According to one aspect, in the variable data generating apparatus 1, the variable scoring unit 13 may include the word-level evaluation reference table 15 and the word extraction counting unit 16 as described above. The word-level evaluation reference table 15 includes a level evaluation reference for each of words. The word extraction counting unit 16 extracts, from the text data in the variable groups, a word in common with a word in the word-level evaluation reference table 15, and counts the number of the extracted words. The variable scoring unit 13 scores the data of the group on the basis of the counted number of the extracted words and the level evaluation reference in the word-level evaluation reference table 15. An example of scoring will be described in Example Embodiment 2.
According to one aspect, in the variable data generating apparatus 1, the word extraction counting unit 16 may extract, from the text data in the variable groups, a word in common with a word in the word-level evaluation reference table 15 and a synonym of the word, and count the number of the extracted words. In this case, according to one aspect, the word extraction counting unit 16 may further include the word vectorizing unit 17. In this case, according to one aspect, the word vectorizing unit 17 may vectorize (multidimensionally convert into numerical values) a common word between the variable group text data and the word-level evaluation reference table 15, and the word extraction counting unit 16 may compare a vector of the common word with vectors of other words, and extract a synonym of the common word on the basis of a predetermined reference.
As the word vectorizing unit 17, for example, the word2vec or the like can be used as described above. Hereinafter, vectorization of words will be described with reference to the word “fun”. The word vectorizing unit 17 calculates a feature amount based on, for example, the relationship between “fun” and co-occurrence words thereof, and determines the calculated feature amount as a vector of “fun”. That is, the vector is generated as a variance expression reflecting the definitions and semantic features of the word. Therefore, a word (synonym) similar to “fun” is determined as a vector similar to the vector.
Next, extraction of the synonym will be described with reference to Table 1 below. It is to be noted that, the following Table 1 is an example, and is not limited thereto. For extracting the synonym, for example, the word2vec or the like can be used in the same manner as described above.
The word “fun” in the Table 1 is a common word between the variable group text data and the word-level evaluation reference table 15. First, as described above, “fun” is vectorized by the word vectorizing unit 17. Next, the word extraction counting unit 16 compares the vector of “fun” with the vectors of other words. The other words are not particularly limited, and may be, for example, words in the word-level evaluation reference table 15 or words in an external database or the like. In the case of using the words in the word-level evaluation reference table 15, each word is vectorized by the word vectorizing unit 17. On the other hand, in the case of using the words in the external database or the like, each word may be vectorized by the word vectorizing unit 17.

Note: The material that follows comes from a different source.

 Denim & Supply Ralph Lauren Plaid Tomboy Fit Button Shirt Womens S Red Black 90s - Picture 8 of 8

Next, the word extraction counting unit 16 extracts synonyms (e.g., “happiness”, “fulfillment”, and “pleasant”) of “fun” based on a predetermined reference. When the other words are are words in the word-level evaluation reference table 15, the synonyms are extracted from the words in the word-level evaluation reference table. On the other hand, when the other words are words in an external database or the like, it is possible to extract words that are not present in the word-level evaluation reference table 15. The predetermined reference is not particularly limited, and may be, for example, a part of speech or the like. In the Table 1, the item “adoption” indicates whether or not the word is adopted as the synonym. In the Table 1, “happiness”, “fulfillment”, and “pleasant” are adopted as synonyms for “fun,” and the form of a part of speech of the adopted synonym is described in the item “adoption.” In the Table 1, the item “rank” indicates the order of words similar to “fun” based on the degree of similarity described below. Further, in the Table 1, the item “degree of similarity” indicates a value obtained by calculating the degree of similarity between the common word and each of the synonyms.

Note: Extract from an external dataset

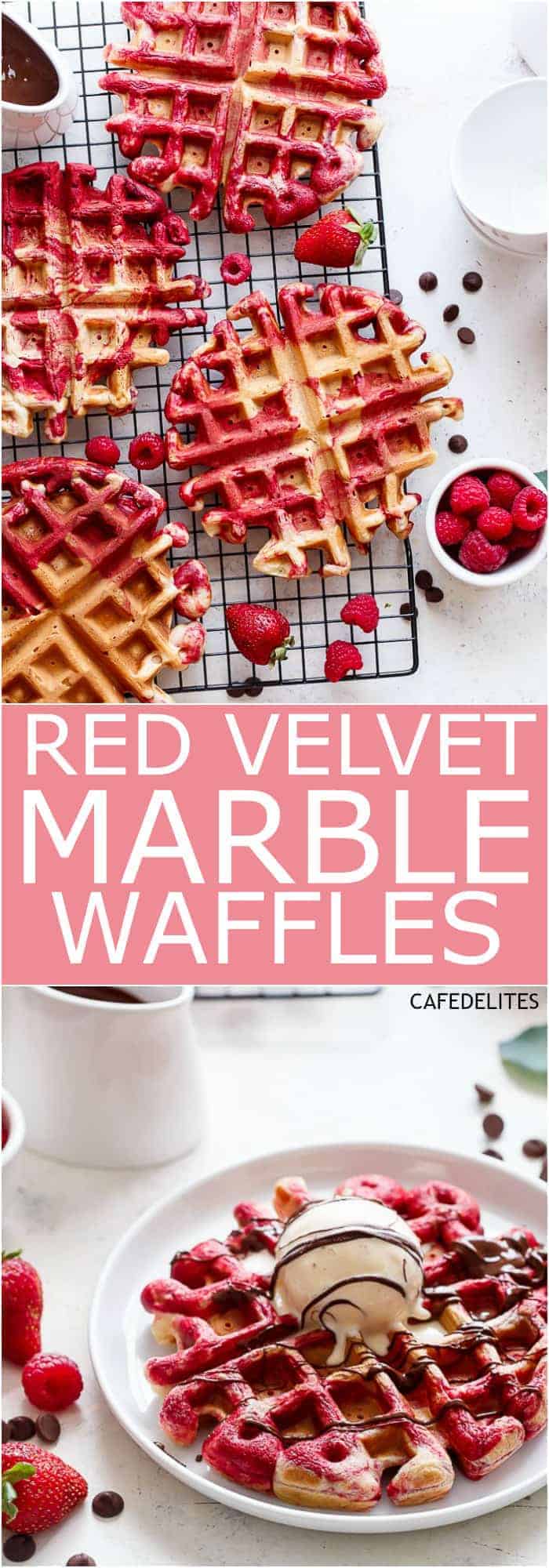 Red Velvet Marbled Waffles or Valentine's Day Waffles made healthier with Greek Yogurt are absolutely incredible! Drizzled in melted chocolate and top with ice cream for extra indulgence! | https://cafedelites.com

Example Embodiment 2An example of a variable data generating apparatus 1 and a prediction model generating apparatus 2 will be described next with reference to
In the text analysis, for example, variable guide data with a positive-negative label is created for each of tours, on the basis of a positive-negative table (i.e., the word-level evaluation reference table 15). In this example, the variable guide data serves as a response variable.
The word-level evaluation reference table may carry out a two-level evaluation as with the positive-negative table, but is not limited thereto, and may instead carry out a multi-level evaluation such as a three-level evaluation, a five-level evaluation, or the like.
The positive-negative table is not particularly limited, and may use, for example, the “Japanese Sentiment Polarity Dictionary (Volume of Terms)” (Nozomi Kobayashi, Kentaro Inui, Yuji Matsumoto, Kenji Tateishi, and Toshikazu Fukushima, Collecting Evaluative Expressions for Opinion Extraction, Journal of Natural Language Processing, Vol. 12, No. 3, pp. 203-222, 2005).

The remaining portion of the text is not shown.